The staffing shortage has several causal factors. Baby boomer workers are retiring, with many choosing to retire early due to the pandemic. These exits combined with the shortage of trained professionals has led to numerous unfilled positions. This can lead to employee “burnout”—feeling exhausted and overworked—among those remaining employed. These employees are under greater stress as they have fewer peers to rely on for assistance.
Meanwhile, higher salaries are eating the payroll budget. The talent shortage has also given existing workers the power to demand higher salaries. For workers earning less than $60,000 per year, the reservation wage—the minimum acceptable wage for a job—increased by 26.4% from March 2020 to March 2021. Physician compensation has increased 29% since 2017, almost double the cumulative rate of inflation. Organizations must find creative ways to enhance recruitment efforts when their payroll budget goes to fewer employees.

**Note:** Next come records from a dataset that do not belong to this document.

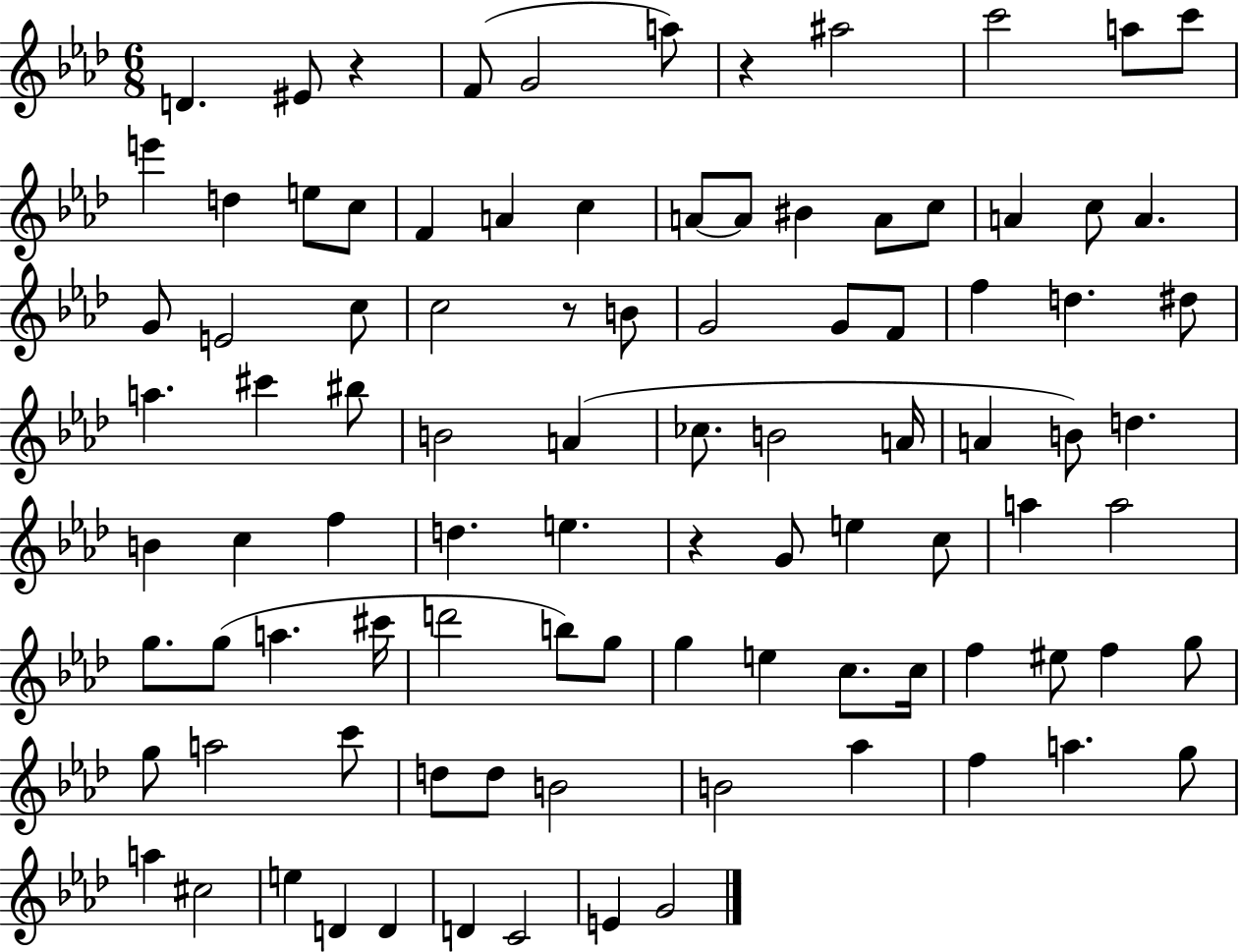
{
  \clef treble
  \numericTimeSignature
  \time 6/8
  \key aes \major
  d'4. eis'8 r4 | f'8( g'2 a''8) | r4 ais''2 | c'''2 a''8 c'''8 | \break e'''4 d''4 e''8 c''8 | f'4 a'4 c''4 | a'8~~ a'8 bis'4 a'8 c''8 | a'4 c''8 a'4. | \break g'8 e'2 c''8 | c''2 r8 b'8 | g'2 g'8 f'8 | f''4 d''4. dis''8 | \break a''4. cis'''4 bis''8 | b'2 a'4( | ces''8. b'2 a'16 | a'4 b'8) d''4. | \break b'4 c''4 f''4 | d''4. e''4. | r4 g'8 e''4 c''8 | a''4 a''2 | \break g''8. g''8( a''4. cis'''16 | d'''2 b''8) g''8 | g''4 e''4 c''8. c''16 | f''4 eis''8 f''4 g''8 | \break g''8 a''2 c'''8 | d''8 d''8 b'2 | b'2 aes''4 | f''4 a''4. g''8 | \break a''4 cis''2 | e''4 d'4 d'4 | d'4 c'2 | e'4 g'2 | \break \bar "|."
}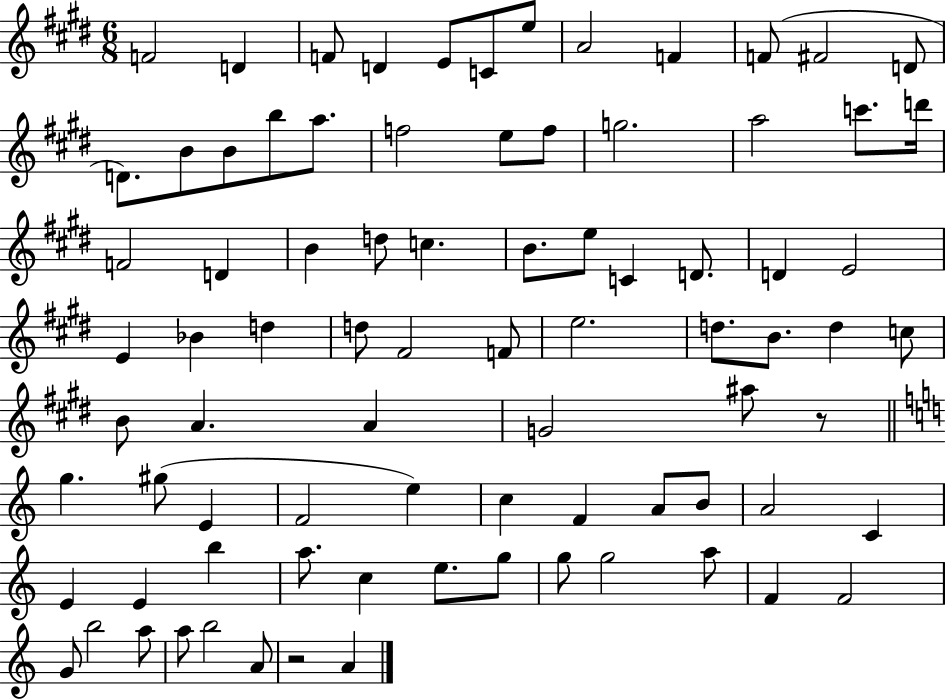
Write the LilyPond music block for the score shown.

{
  \clef treble
  \numericTimeSignature
  \time 6/8
  \key e \major
  f'2 d'4 | f'8 d'4 e'8 c'8 e''8 | a'2 f'4 | f'8( fis'2 d'8 | \break d'8.) b'8 b'8 b''8 a''8. | f''2 e''8 f''8 | g''2. | a''2 c'''8. d'''16 | \break f'2 d'4 | b'4 d''8 c''4. | b'8. e''8 c'4 d'8. | d'4 e'2 | \break e'4 bes'4 d''4 | d''8 fis'2 f'8 | e''2. | d''8. b'8. d''4 c''8 | \break b'8 a'4. a'4 | g'2 ais''8 r8 | \bar "||" \break \key c \major g''4. gis''8( e'4 | f'2 e''4) | c''4 f'4 a'8 b'8 | a'2 c'4 | \break e'4 e'4 b''4 | a''8. c''4 e''8. g''8 | g''8 g''2 a''8 | f'4 f'2 | \break g'8 b''2 a''8 | a''8 b''2 a'8 | r2 a'4 | \bar "|."
}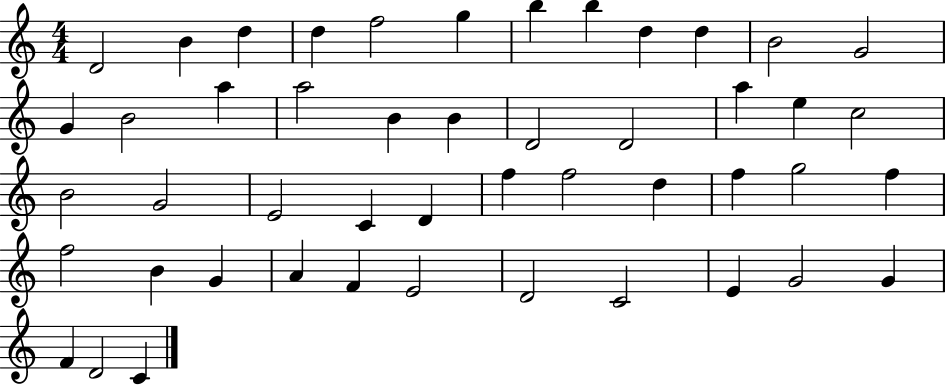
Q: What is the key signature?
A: C major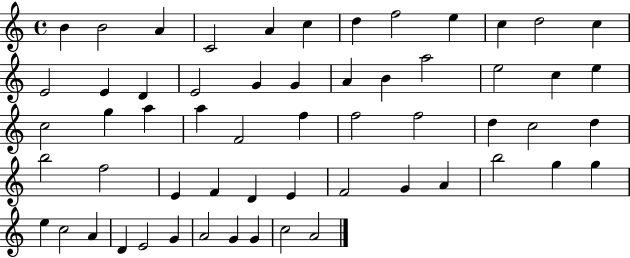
{
  \clef treble
  \time 4/4
  \defaultTimeSignature
  \key c \major
  b'4 b'2 a'4 | c'2 a'4 c''4 | d''4 f''2 e''4 | c''4 d''2 c''4 | \break e'2 e'4 d'4 | e'2 g'4 g'4 | a'4 b'4 a''2 | e''2 c''4 e''4 | \break c''2 g''4 a''4 | a''4 f'2 f''4 | f''2 f''2 | d''4 c''2 d''4 | \break b''2 f''2 | e'4 f'4 d'4 e'4 | f'2 g'4 a'4 | b''2 g''4 g''4 | \break e''4 c''2 a'4 | d'4 e'2 g'4 | a'2 g'4 g'4 | c''2 a'2 | \break \bar "|."
}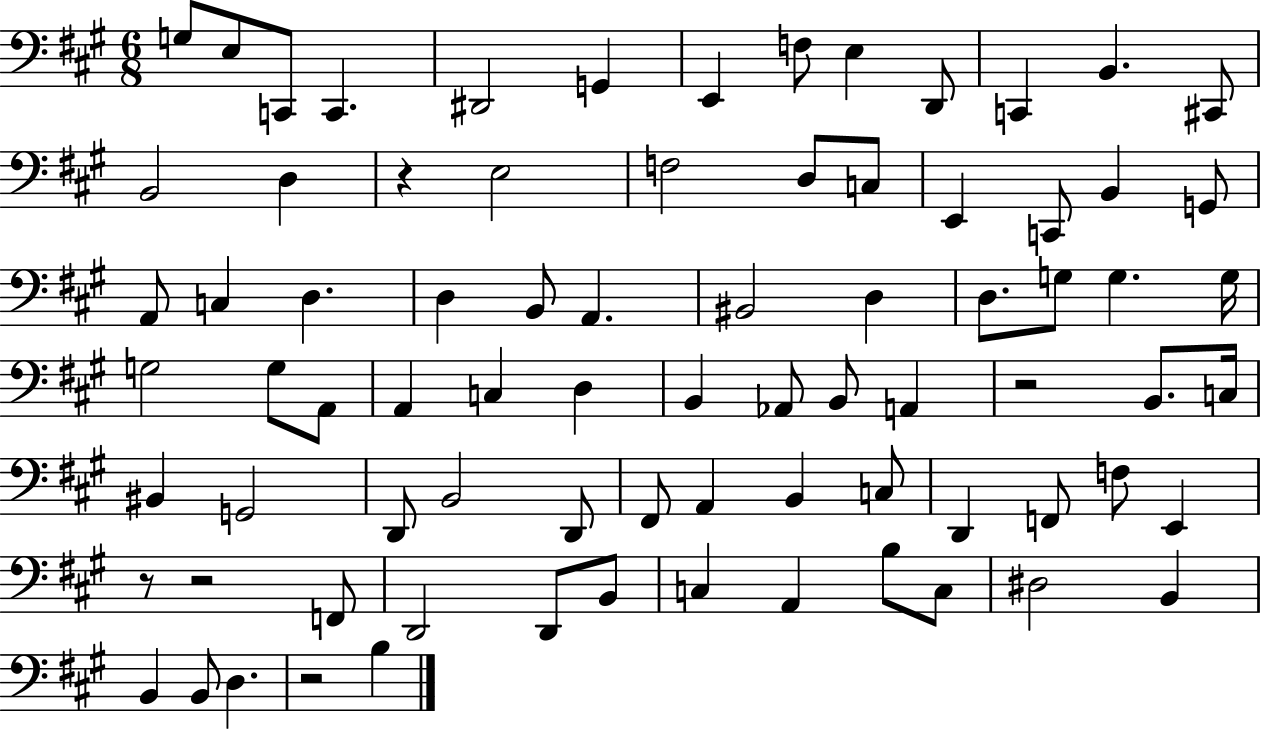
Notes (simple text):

G3/e E3/e C2/e C2/q. D#2/h G2/q E2/q F3/e E3/q D2/e C2/q B2/q. C#2/e B2/h D3/q R/q E3/h F3/h D3/e C3/e E2/q C2/e B2/q G2/e A2/e C3/q D3/q. D3/q B2/e A2/q. BIS2/h D3/q D3/e. G3/e G3/q. G3/s G3/h G3/e A2/e A2/q C3/q D3/q B2/q Ab2/e B2/e A2/q R/h B2/e. C3/s BIS2/q G2/h D2/e B2/h D2/e F#2/e A2/q B2/q C3/e D2/q F2/e F3/e E2/q R/e R/h F2/e D2/h D2/e B2/e C3/q A2/q B3/e C3/e D#3/h B2/q B2/q B2/e D3/q. R/h B3/q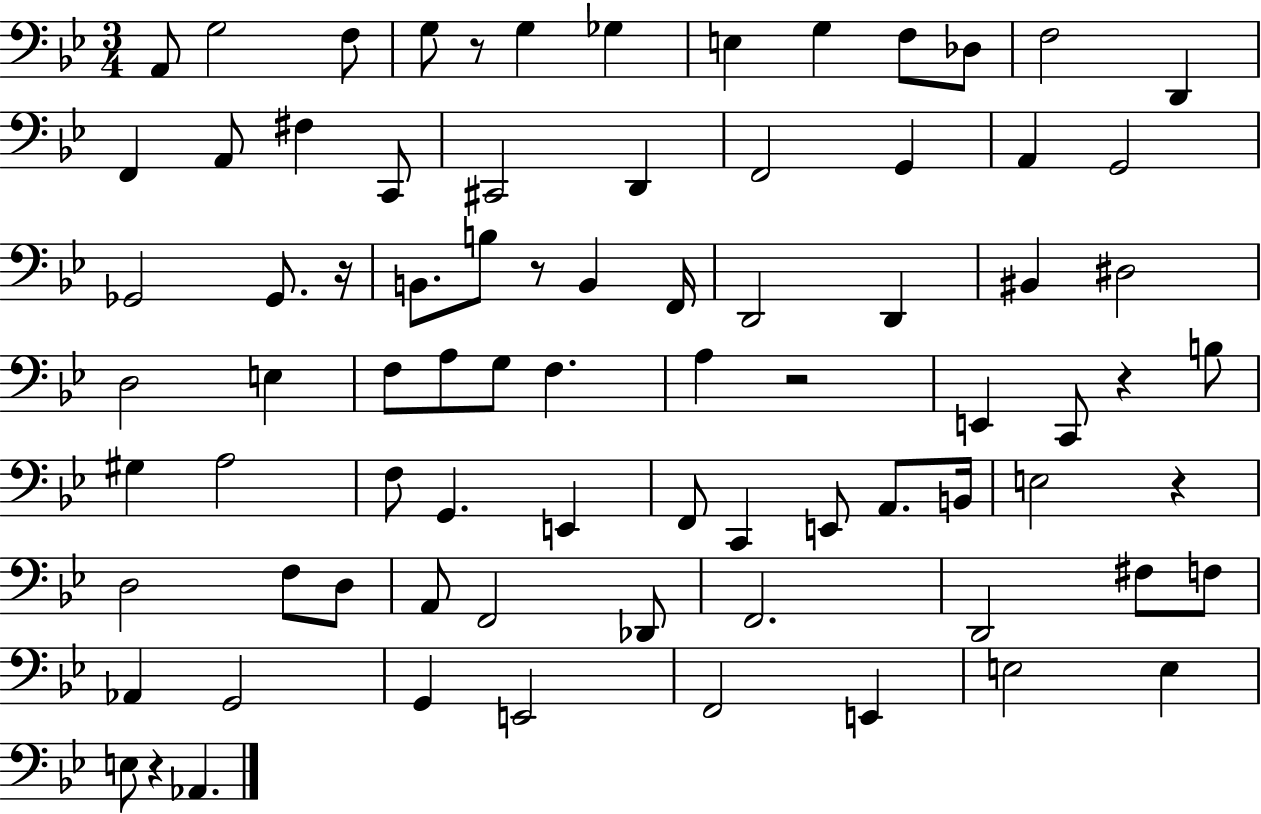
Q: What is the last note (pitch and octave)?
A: Ab2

Many healthcare organizations enlist help from traveling professionals and clinicians to compensate for the scarcely available talent. New employees may need to quickly learn an organization's processes upon joining. However, rushing training can result in mistakes that could lead to costly outcomes.
All healthcare workers—temporary and permanent—need to be thoroughly trained on an organization's procedures so they adhere to precise protocols. Implementing an onboarding process that makes clear risk and responsibility is also beneficial
Another factor affecting the healthcare space is the rise in mergers and acquisitions. Some organizations engaging in M&A activity may take measures to cut costs to boost profitability. These measures may include laying off staff and eliminating positions. These organizations may pay the price, though. Scaling down a workforce can result in burnout for those who remain.
Physician-related studies consistently show a strong association between medical staff burnout levels and errors that result in malpractice suits. Likewise, profit-driven decisions that harm patients can lead to costly lawsuits. Losses incurred in this manner are likely to be excluded from coverage under Medical Malpractice policies.
Many healthcare organizations will have to implement creative recruiting techniques and benefits strategies as they struggle to fill open positions. Hiring candidates from outside the area can play a role in this. There is no evidence to suggest that someone from outside a region would be any less competent in their profession. Still, organizations should have firm onboarding protocols to assure that all employees are following standard procedures. Benefits are now an important part of job acceptance decisions. Benchmarking against the competition is a good way to see if some benefits enhancements could help with recruiting.
With creative recruiting and attractive benefits in play, organizations should then prioritize the mental and physical well-being of employees. Limiting hours and encouraging time off can keep employees from becoming overworked. Structuring departments to prevent any one individual from carrying too much stress or responsibility can also reduce burnout. Employees make fewer mistakes when they are rested and focused, decreasing the chances of legal action being taken against them.